Content starts

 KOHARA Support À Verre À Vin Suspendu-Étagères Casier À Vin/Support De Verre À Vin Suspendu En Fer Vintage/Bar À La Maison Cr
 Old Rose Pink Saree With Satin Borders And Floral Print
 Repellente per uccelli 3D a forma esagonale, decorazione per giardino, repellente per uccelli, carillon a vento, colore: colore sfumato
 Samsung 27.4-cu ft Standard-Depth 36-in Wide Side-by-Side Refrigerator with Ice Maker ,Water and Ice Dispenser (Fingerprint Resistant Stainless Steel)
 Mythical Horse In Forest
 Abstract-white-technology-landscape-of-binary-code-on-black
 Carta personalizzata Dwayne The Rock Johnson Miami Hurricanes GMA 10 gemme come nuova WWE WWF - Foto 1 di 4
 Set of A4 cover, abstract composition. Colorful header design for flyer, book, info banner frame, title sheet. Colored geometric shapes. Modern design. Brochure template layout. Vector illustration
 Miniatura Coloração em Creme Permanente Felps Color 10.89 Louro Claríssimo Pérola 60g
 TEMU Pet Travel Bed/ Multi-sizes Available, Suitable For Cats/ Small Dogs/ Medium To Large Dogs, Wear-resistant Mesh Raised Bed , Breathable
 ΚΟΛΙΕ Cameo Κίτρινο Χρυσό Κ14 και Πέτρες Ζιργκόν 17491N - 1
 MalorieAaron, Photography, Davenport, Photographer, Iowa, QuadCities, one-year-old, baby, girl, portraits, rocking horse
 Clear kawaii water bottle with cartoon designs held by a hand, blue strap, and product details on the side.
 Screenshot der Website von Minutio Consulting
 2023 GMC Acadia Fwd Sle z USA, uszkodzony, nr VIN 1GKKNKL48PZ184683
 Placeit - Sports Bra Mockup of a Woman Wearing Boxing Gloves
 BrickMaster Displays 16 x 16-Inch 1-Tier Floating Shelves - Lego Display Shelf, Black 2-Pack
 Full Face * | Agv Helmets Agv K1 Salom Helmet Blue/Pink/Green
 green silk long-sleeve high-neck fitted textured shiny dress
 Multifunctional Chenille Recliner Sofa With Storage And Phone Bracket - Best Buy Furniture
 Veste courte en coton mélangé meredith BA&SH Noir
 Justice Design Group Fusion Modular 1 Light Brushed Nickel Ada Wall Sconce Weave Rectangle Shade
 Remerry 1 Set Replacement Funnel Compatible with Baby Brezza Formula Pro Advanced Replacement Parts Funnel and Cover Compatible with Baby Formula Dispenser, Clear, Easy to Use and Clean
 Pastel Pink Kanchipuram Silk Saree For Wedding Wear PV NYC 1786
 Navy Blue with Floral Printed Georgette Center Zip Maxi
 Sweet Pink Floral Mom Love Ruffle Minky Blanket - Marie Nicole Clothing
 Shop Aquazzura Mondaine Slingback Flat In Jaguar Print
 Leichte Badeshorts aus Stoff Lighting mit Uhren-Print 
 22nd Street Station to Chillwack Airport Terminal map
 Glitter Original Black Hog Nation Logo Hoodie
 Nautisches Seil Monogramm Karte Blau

Content ends

Exercise: Report, with no additional words, how many lines in the records above contain the word "Saree".

Worked solution: 2